The Inbox Pattern is the consumer-side equivalent of the Outbox Pattern. It solves the duplicate processing problem that arises from Kafka's at-least-once delivery guarantee.

When Kafka delivers the same event twice (crash before offset commit, rebalance, etc.), the consumer must detect and skip the duplicate. The inbox table is where it tracks which events have already been processed.


The Problem: At-Least-Once Delivery#

Kafka guarantees at-least-once delivery. The same event can arrive multiple times:

Consumer receives OrderShipped (evt-456)
Consumer processes it → sends email, updates DB
Consumer crashes before committing offset

Kafka redelivers evt-456 on restart
Consumer processes it again → duplicate email, duplicate DB update

The Inbox Table#

A simple table that stores processed event IDs:

CREATE TABLE inbox (
    event_id UUID PRIMARY KEY,
    processed_at TIMESTAMP DEFAULT NOW()
);

Before processing any event, the consumer checks the inbox:

INSERT INTO inbox (event_id) VALUES ('evt-456')
ON CONFLICT (event_id) DO NOTHING
  • Insert succeeds → first time seeing this event → process it
  • Insert skipped (conflict) → already processed → skip

Why Wrap Inbox + Work in One Transaction?#

Naive approach — two separate operations:

Step 1: INSERT INTO inbox (evt-456)  ← mark as processed
Step 2: UPDATE orders SET status = 'shipped'  ← do the work

If crash between step 1 and step 2: - Inbox says "already processed" - DB update never happened - Order stuck in wrong state forever — silent data corruption

Fix: wrap both in one transaction:

BEGIN TRANSACTION
  INSERT INTO inbox (event_id) VALUES ('evt-456')
  ON CONFLICT (event_id) DO NOTHING

  UPDATE orders SET status = 'shipped' WHERE order_id = 123
COMMIT

Either both happen or neither. If crash midway → inbox has no record → safe to retry.


Diagram#

graph TD
    K[Kafka] -->|deliver event| C[Consumer]
    C -->|BEGIN TRANSACTION| DB[(Database)]
    C -->|INSERT INTO inbox ON CONFLICT DO NOTHING| DB
    C -->|UPDATE orders| DB
    C -->|COMMIT| DB

    DB -->|conflict: already processed| SKIP[Skip event]
    DB -->|success: new event| DONE[Processing complete]
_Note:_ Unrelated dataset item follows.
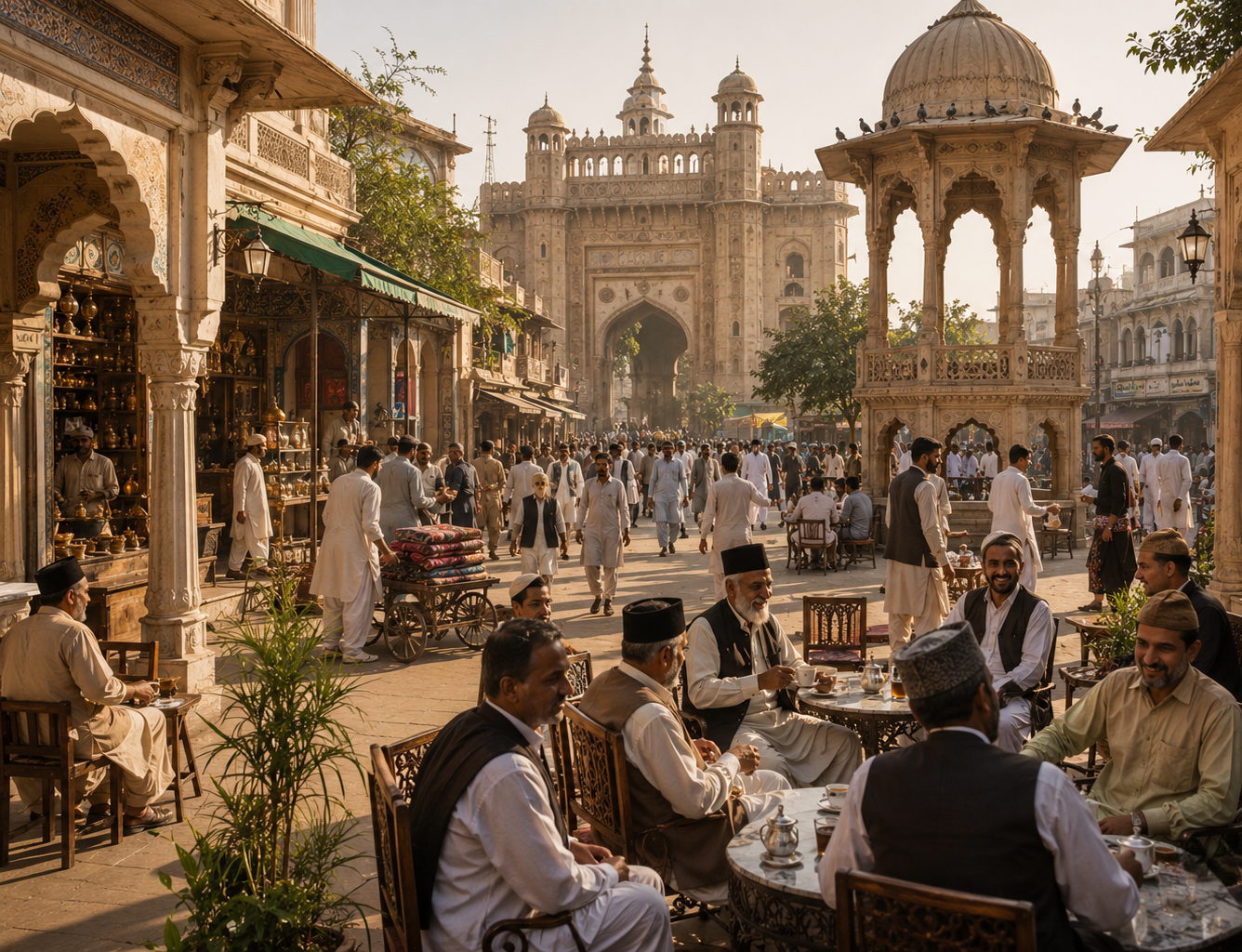 A grand 1947 inspired chowk street gathering with cinematic golden light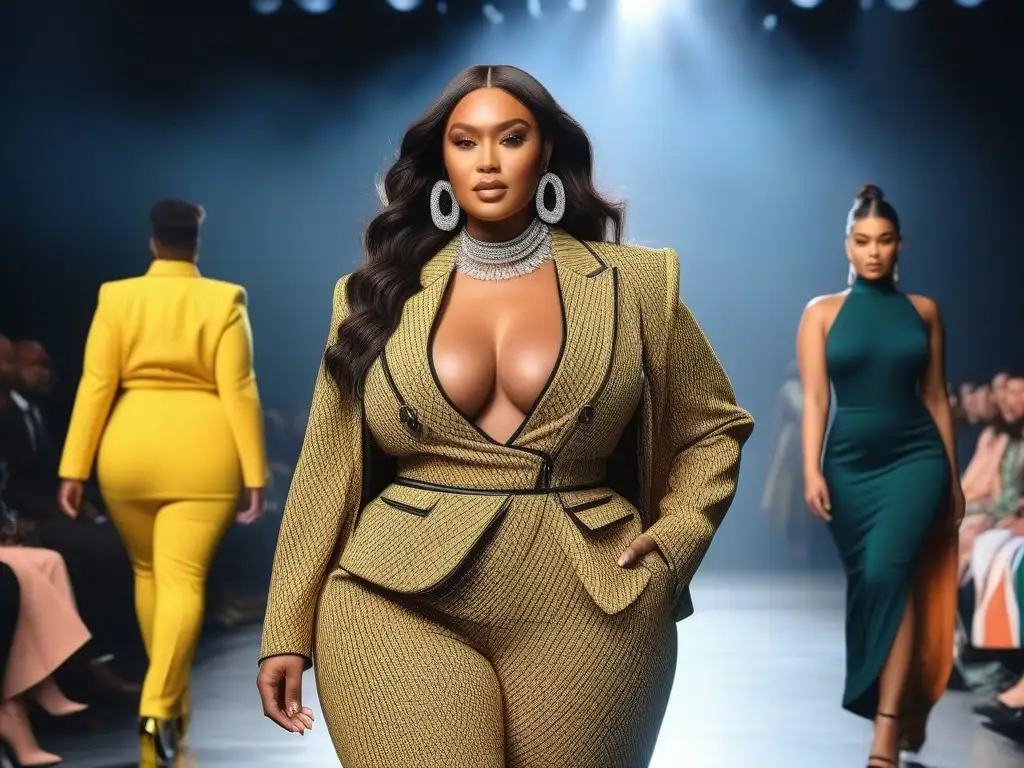 Pasarela de la diversidad: moda inclusiva y confianza Una pasarela de moda inclusiva para todos cuerpos, donde modelos diversos exhiben confianza y estilo único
What the Inbox Pattern Guarantees#

  • No duplicate DB writes — same event applied twice produces same result (idempotent)
  • No lost processing — if transaction rolls back, event is retried
  • Exactly-once semantics for DB operations — even with at-least-once Kafka delivery

Inbox Table Cleanup#

The inbox table grows forever if not cleaned up. Old entries processed days ago can be safely deleted:

DELETE FROM inbox WHERE processed_at < NOW() - INTERVAL '7 days'

Run this as a periodic cleanup job. You only need to keep entries long enough to cover the maximum redelivery window.


Key Insight#

The inbox pattern gives you exactly-once DB semantics on top of at-least-once Kafka delivery. The cost is an extra table and a slightly more complex consumer. The guarantee is that duplicate events never cause duplicate DB writes.